Hell on Heels(11)
“And you,” she whistled low, “you look sultry!”
Only Leighton would use a word like sultry to describe someone in regular conversation, and I loved that about her. She looked heart stopping in a low cut black dress that showed off her petite frame and a tiny lace mask.
That had also been a theme to the event; all guest were required to wear black or red, as well as a mask. It was, after all, a traditional masquerade, and aside from the staff or those speaking, everyone’s identity should remain relatively anonymous.
It was then I noticed the male hand at her waist and her use of the word ‘we.’
“We?” I asked, eyeing the man next to her.
“Char, this is Morgan.” Her date reached the hand not affixed to her waist out to me. “Morgan, this is my best friend, Charleston,” Leighton said with unabashed enthusiasm.
I shook his hand. “Nice to meet you, Morgan.”
“Great event,” he praised, which was kind, and I responded with a, “Thank you.”
Leighton turned to him and smiled. “Would you grab me a glass of champagne?”
Her voice was breathy, and I fought the urge to roll my eyes. Which, in all honesty, wasn’t fair. I didn’t know Morgan, and I was judging him based on the other men who’d, for lack of a better word, screwed her romantically. I didn’t know anything about their, what I gathered to be relatively new, relationship, and I was critiquing it immediately.
I guess that’s natural for the faint of heart though. Those too damaged to give in to hope are all essentially judging books by their covers, even though we had no intention of reading any of them. Sad, I supposed.
“Sure, babe.” He kissed her cheek and disappeared into the slew of people surrounding us.

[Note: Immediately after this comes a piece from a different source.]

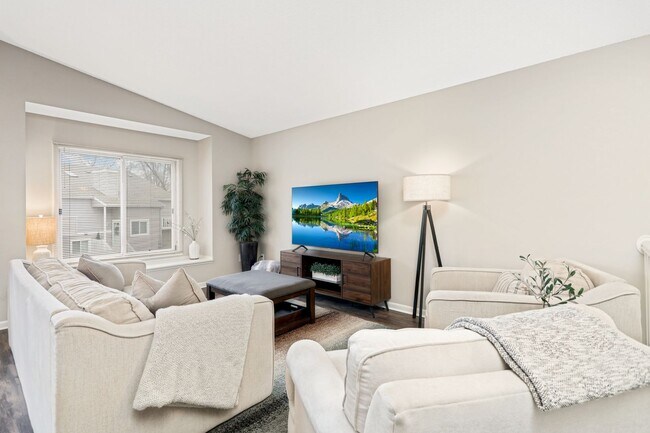 Building Photo - 3 bd, 2 bathroom, 2 car garage two level end unit town home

Hurling herself at me, she wrapped her arms around my waist and squeezed. “How are you doing? You okay?”
“I will be.”
It was the lie I told her every year, at every one of Henry’s galas, when she asked. Truth was, I wasn’t sure I’d ever be ‘okay.’ I hadn’t been ‘okay’ for a long time.

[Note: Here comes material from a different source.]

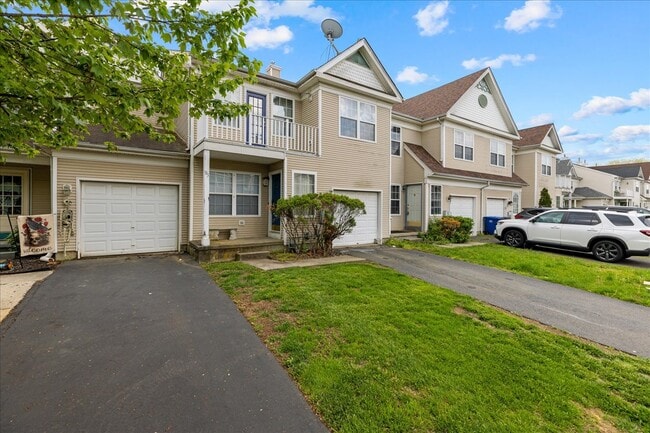 95 Tattersall Dr in Burlington Township, NJ - Building Photo - Building Photo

Letting go, she pulled back and smiled softly. “Yeah.”
“Who’s the guy?” I asked, eager for a change in conversation.
She beamed, smoothing out her dress. “I met him at work! He’s a lawyer on the floor above mine and we met in the elevator.”
She would meet a gorgeous man in an elevator like a made-for-TV movie, and he was gorgeous. His skin was a dark chocolate, and it made the green of his eyes seem as though they saw through you when he spoke. He was taller than me, which meant he towered over Leighton, and even I had to admit she looked adorable tucked protectively into his side.

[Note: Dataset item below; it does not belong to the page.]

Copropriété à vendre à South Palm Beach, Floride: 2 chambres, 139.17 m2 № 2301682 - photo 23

The jaded parts of me worried for her, but I learned a long time ago not to rain on her parade. Leighton was a big girl and she made her own mistakes. Instead, I smiled back at her and wished that maybe Morgan just might be her Page Six happily ever after.
“You two look cute together,” I offered, and she jumped up and down.
“Don’t we?” She sighed, and I felt a small pang of jealousy for her never depleting romanticism.
It never mattered like that for me.
I could never fall the complete way she did.
Of course, I was only human, and thus hope did get the better of me from time to time, but unlike her, I despised hope.
Hope tricks you into believing in a reality that doesn’t exist.
I guess that’s what makes the reality of dating so sad for someone like me. Sometimes I was the leaver, and sometimes I was the left, not that the distinction mattered much anyhow, the conclusion inevitable regardless. The fall out always being that a part of me was now sewn into the fabric of their heart’s memories. Truth be told, I’d given away so many pieces of my soul over the years that the woman looking back at me over the bathroom sink was often a stranger at best. We’d all sell our souls to the devil himself for a chance at being loved, so I never faulted Leighton for that, but perhaps I had none left to bargain with, soul that is.
I was nothing if not frequent in my fondness of “in for a penny, in for a pound,” but like every gambler, my luck would run dry and I’d turned up broke more than a time or two.
If love was a loan shark, my debt was already well past due, and I’d be left black and blue before the night was through.
It was because of this that hope and I remained in a lustful tangle as frienemies.
You know, I think that was the problem with using people to manufacture and generate a high. People were unpredictable. They were an uncontrollable chemical substance, and thus, the high varied dramatically from person to person encounters, as did the fall.
Some left bruises that faded, and others left scares that wouldn’t ever go away.
Leighton had heartbreak too, frequently, but she rebounded like a warrior. She became braver and more determined with each and every relationship misstep.
It was admirable.
For my heart, albeit wild, was grossly without bravery. The fear in me had bred a coward’s heart.
I’d spent many a night over the years bathing in the dim light of my alarm clock raining black tears on white pillowcases because of men. I was a smart woman, constantly bested by her own romantic inadequacies. I had to wonder though if the tears always came because fear whispered to me that I’d never be enough of something for a man, or if it was because fear challenged that I’d never be enough of something for myself.